Ich frage mich immer, wie es möglich ist, ein Glas Kirschen für 1,05 € im Discounter zu erstehen, wo aber frische Kirschen in Spitztütenmenge bereits um die 4,00 € kosten? Denn die eingeweckten Süßkirschen müssen ja auch mühselig vom Baum gepflückt werden, genau wie die frischen. Ich möchte gar nicht wissen, wie viele Leute sich keine Frischware mehr leisten können und insgesamt jede Saison Zentner vergammeln bei Händlern und Handelsketten. Leider hat nicht jeder Bürger Gelegenheit, zum Obstbauen zu fahren und dort günstiger einzukaufen. Somit wird es auch nächstes Jahr so sein: Der Preis ist einfach zu hoch und es werden wieder Unmengen weg geschmissen. Übrigens: Dieses Jahr gab es ausnahmsweise mal noch gerade erschwingliche türkische Kirschen...

HinterTürkisch, Montag, 22.August, 00:06 Uhr

6. Ja, der

"...Mit der Vermakrtung seien sie "absolut unzufrieden", so Herbert..." ! Ähm-Hubmann...

Christine Emmerdt, Samstag, 20.August, 12:44 Uhr

5. Kirschenernte

Seit über 20 Jahren machen wir in den bayerischen Sommerferien Urlaub im fränkischen Seenland, unser Ferienbauernhof hat auch Kirschbäume. Heuer bin ich zum ersten Mal zur Kirschenzeit dort gewesen und wir haben uns mit den leckeren Früchten den Bauch vollgeschlagen und natürlich auch noch mit heimgenommen und verschenkt. € 3,50 für ein Kilo frisch vom Baum ist in meinen Augen fast zu wenig für die Arbeit, die die Kirschen machen.

Karin G., Freitag, 19.August, 12:38 Uhr

4. Habe keine im Angebot gesehen

Freue mich jedes Jahr auf die Kirschenzeit. In den letzten Jahren habe ich vermehrt Kirschen aus dem Ausland im Angebot gesehen. Warum eigentlich?
Kirschen aus Deutschen Landen bekommt man in speziellen Obstgeschäften, die es, wo wir mittlerweile wohnen, leider nicht gibt.
Habe dieses jahr in den Supermärkten vergeblich nach deutschen Kirschen Ausschau gehalten und nur teure Ware aus dem Ausland gefunden. Mein Kirschkonsum habe ich dieses Jahr stark eingeschränkt.
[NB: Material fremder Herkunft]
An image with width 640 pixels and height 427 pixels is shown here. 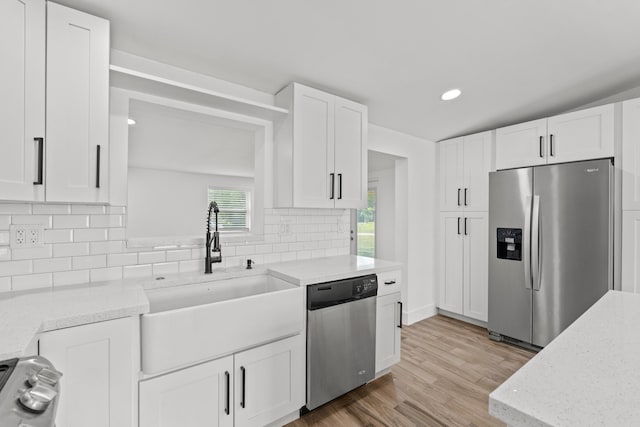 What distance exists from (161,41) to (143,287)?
1.47 metres

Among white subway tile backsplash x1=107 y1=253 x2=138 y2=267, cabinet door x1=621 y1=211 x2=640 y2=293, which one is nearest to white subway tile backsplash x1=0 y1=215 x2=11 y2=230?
white subway tile backsplash x1=107 y1=253 x2=138 y2=267

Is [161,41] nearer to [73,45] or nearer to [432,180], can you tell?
[73,45]

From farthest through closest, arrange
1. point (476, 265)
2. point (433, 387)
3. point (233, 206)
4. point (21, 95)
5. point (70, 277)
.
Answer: point (233, 206), point (476, 265), point (433, 387), point (70, 277), point (21, 95)

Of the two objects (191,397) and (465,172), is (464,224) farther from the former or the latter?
(191,397)

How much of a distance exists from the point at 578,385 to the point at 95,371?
5.20ft

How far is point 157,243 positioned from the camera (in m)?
1.93

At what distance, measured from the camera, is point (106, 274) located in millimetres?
1740

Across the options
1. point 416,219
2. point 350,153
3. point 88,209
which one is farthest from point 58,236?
point 416,219

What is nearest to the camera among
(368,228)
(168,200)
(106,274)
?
(106,274)

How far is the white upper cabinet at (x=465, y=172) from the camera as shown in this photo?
10.8 feet

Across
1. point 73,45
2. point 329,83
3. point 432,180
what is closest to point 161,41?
point 73,45

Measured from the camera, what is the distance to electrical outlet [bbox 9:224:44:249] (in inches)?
59.1

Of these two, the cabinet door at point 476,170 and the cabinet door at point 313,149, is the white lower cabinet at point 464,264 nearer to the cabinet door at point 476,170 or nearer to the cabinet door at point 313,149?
the cabinet door at point 476,170

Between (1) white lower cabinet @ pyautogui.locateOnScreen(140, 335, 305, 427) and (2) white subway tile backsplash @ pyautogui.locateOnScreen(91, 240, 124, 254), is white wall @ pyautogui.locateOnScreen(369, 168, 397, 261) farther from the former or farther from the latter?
(2) white subway tile backsplash @ pyautogui.locateOnScreen(91, 240, 124, 254) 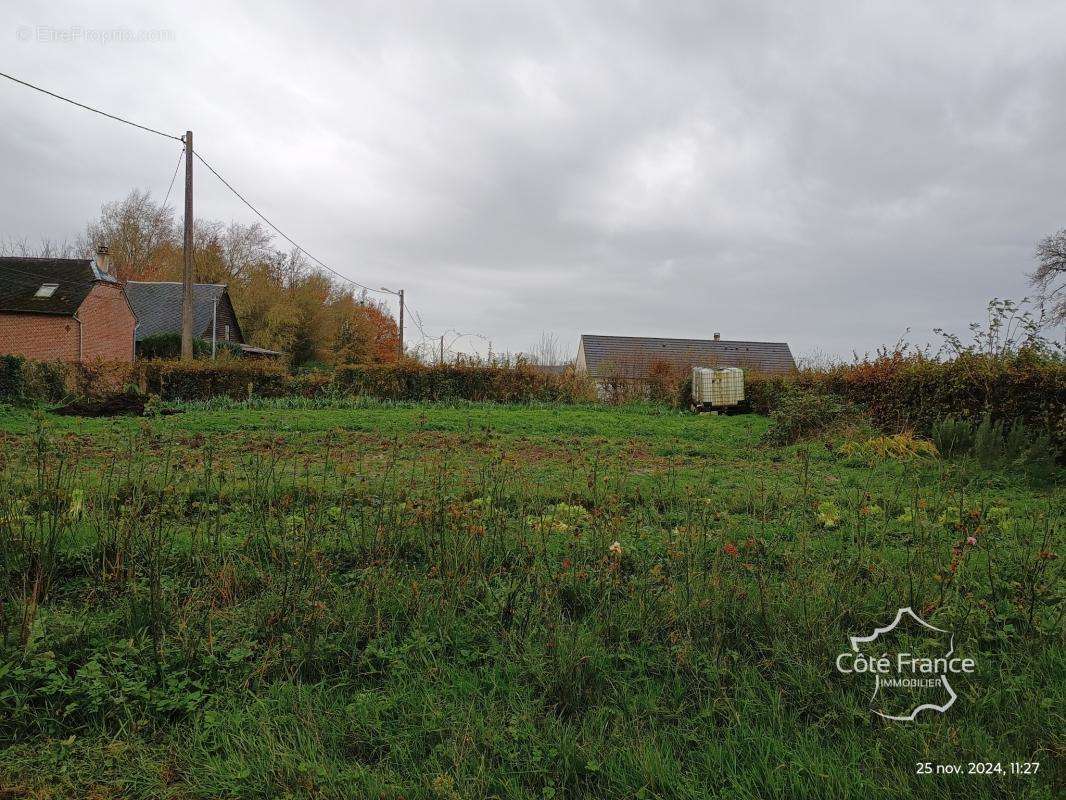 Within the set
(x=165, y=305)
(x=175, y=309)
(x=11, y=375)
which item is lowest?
(x=11, y=375)

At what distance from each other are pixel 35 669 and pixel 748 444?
27.5 feet

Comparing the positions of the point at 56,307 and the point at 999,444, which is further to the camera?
the point at 56,307

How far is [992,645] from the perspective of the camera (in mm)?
2615

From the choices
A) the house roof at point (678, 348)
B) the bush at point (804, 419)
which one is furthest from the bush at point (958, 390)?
the house roof at point (678, 348)

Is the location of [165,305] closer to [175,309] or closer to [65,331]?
[175,309]

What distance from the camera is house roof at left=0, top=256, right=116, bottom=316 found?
2717 centimetres

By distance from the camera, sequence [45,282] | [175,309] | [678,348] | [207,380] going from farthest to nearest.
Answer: [678,348], [175,309], [45,282], [207,380]

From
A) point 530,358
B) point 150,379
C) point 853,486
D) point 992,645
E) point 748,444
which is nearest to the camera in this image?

Wir haben stattdessen dieses Jahr einen eigenen Kirschbaum gepflanzt und warten geduldig auf die erste Ernte in den nächsten Jahren.

  • Antwort von Michael D., Mittwoch, 24.August, 18:38 Uhr

    Tja, wir haben ein großes Grundstück, aber leider keine Kirschen. Wir hatten jahrzehntelang zwei Sauerkirschbäume, die nach und nach krank wurden und abgeschlagen werden mussten. Unser Nachbar versuchte es vor drei Jahren mit einer Süßkirsche, doch sieht man an der auch wieder die ersten Anzeichen einer merkwürdigen Blattfäule. Da verliert man echt die Lust, es nochmals zu versuchen und hat nur die Chance, sich auf dem Markt zu versorgen. Da es jedoch gerade bei Frischkirschen extreme Preise gibt, reicht es zumeist nur noch zum Kosten. Kirschen sind billig im Glas zu haben. Obwohl eben nur die frischen der totale Genuss sind.